Senate debates

Thursday, 22 March 2012

Adjournment

Hurley, Mr Frank

7:50 pm

Photo of John FaulknerJohn Faulkner (NSW, Australian Labor Party) Share this | Hansard source

This year, 2012, marks the 50th anniversary of the passing of Frank Hurley—photographer, filmmaker, explorer. Hurley was at the centre of many of the 20th century's great events—exploration in Antarctica and New Guinea and both world wars. His art would help tell Australia's story, a story about a young nation's optimism and emerging self-awareness. Hurley's lens shaped much of what we understand about those events and that era. Many of the images in our mind's eye are Hurley's images. We should remember his remarkable achievements. James Francis Hurley was born in 1885 in Sydney's working-class Glebe. Early on, he displayed an adventurous streak, running away from home at the age of 13 by stowing away on a train bound for Lithgow. Returning home two years later, he was encouraged by a workmate to try his hand at photography. He was immediately captivated, saying that in photography:

I knew I had found my real work, and a key, could I but become its master, that would perhaps unlock the portals of the undiscovered world.
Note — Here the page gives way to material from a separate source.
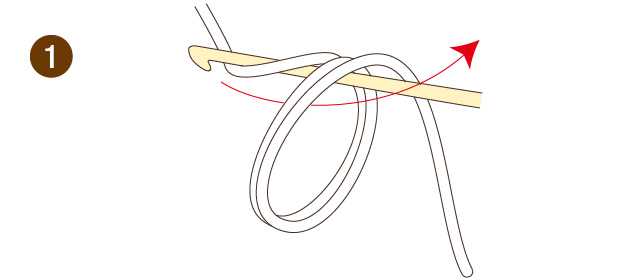 輪のひきしぼりと輪で編んでいく場合の数え方　かぎ針編み　こま編み　手順①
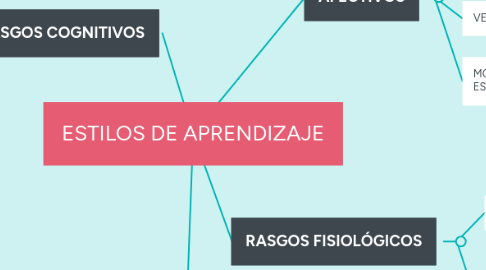 Mind Map: ESTILOS DE APRENDIZAJE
Hurley would spend much of the rest of his life exploring the undiscovered world. He initially made a name for himself as a member of two Antarctic expeditions—the first in 1911 with Sir Douglas Mawson when he, aged just 26, captured some of the first images of the frozen southern continent. This expedition would serve as a prelude to his second visit as part of Shackleton's bid to traverse Antarctica. Hurley records the heroic efforts and miraculous survival of Shackleton's party, capturing the compelling drama of man pitted against a harsh and indifferent environment. His pictures of the helpless Endeavour being devoured by the winter's pack ice are haunting still—a graphic visual image of powerlessness in the face of immense forces of nature.

Hurley would go on to serve as the official photographer with the Australian Imperial Forces during World War I. His images explore the ferocity, futility and brutality of war: in Palestine, Ypres and desolate French forests decimated by artillery. It is a tribute to the artist that from these images we also get a sense of the humanity and camaraderie that existed amidst the devastation. After the war Hurley would go on to explore the upper reaches of the Fly River in New Guinea and document Moir and Owen's failed attempt in 1928 to break the aviation record from Sydney to England. He would also accompany Mawson on two further expeditions to the Antarctic, although he was disappointed by the experience, lamenting that 'the days of romantic Polar exploration are gone'.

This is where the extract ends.